*Author’s Note: I’m not angry and don’t think the kids in this story intended to be mean. I was and am different, and that’s okay. It was then too, but I didn’t know that yet.
When I was a kid, I loved to run. It felt great to move my body to my internal rhythm. There was one catch; I was slow. I could not win a race to save my life. But it wasn’t about that for me – it was about running. Crossing my internal finish line was enough.
Until a couple of kids at school started their verbal assault before a race at recess. They called me names. Slowpoke wasn’t so bad. I was slow and that was okay. I didn’t even mind Putt-putt. Then they called me Loser. That one hurt. So I tried harder. And still I lost. Because suddenly it wasn’t about moving because it felt great, it was about comparison and competition. That’s when I lost my desire to win.
On track and field day, where everyone was watching, the fastest kid in school hollered, “You’re done Joy. Why don’t you just quit?” So I did. Halfway.
My feet felt heavy as I walked off the track. My heart felt heavier.
In the middle of the night, while my pillow caught my tears, I wondered how in the world I was going to run when we raced again in gym class. A thought crossed my mind and eased into my heart (like hot tea with a little sugar over a sore throat). Every race had to have a loser. I didn’t mind it being me as long as I never let myself quit before I was done. I gave myself permission to be the designated loser.
The next race, I finished last, but I stayed on the track. My love for running didn’t come back, but the kids quit jeering, and my teachers stopped trying to get me to run faster. Most of the time, they didn’t wait for me to cross the line – to them, it was over before it began.
They saw a loser, but I saw a winner – a girl who didn’t earn the regular prize, but who earned her own.
Writing is like running for me. Sometimes I write with the wind and other days against it. There are times the story is like a wet, muddy track – all slip and slide and muck.
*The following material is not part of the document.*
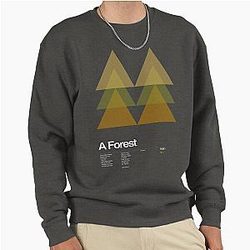 The Cure - A Forest 1980 New Wave song Minimalistic Swiss Graphic Design Pullover Sweatshirt
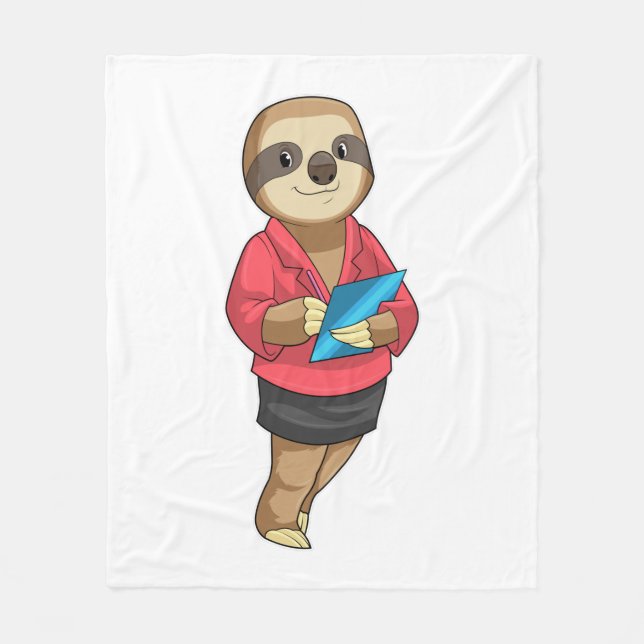 Sloth as Secretary with Notepad Fleece Blanket (Front)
And there are marathon days when my writing legs find their rhythm and what is sometimes called “the flow” happens.
I’ve been told I have a “tortoise mentality.” How cool is that? The tortoise won – he crossed the finish line!
As a writer, my prize reads, “The End.” Every time I complete a project, there is a waving of the checkered flags in my soul.
Because, for me, it’s not about competition and comparison. It’s about crossing that line in my time.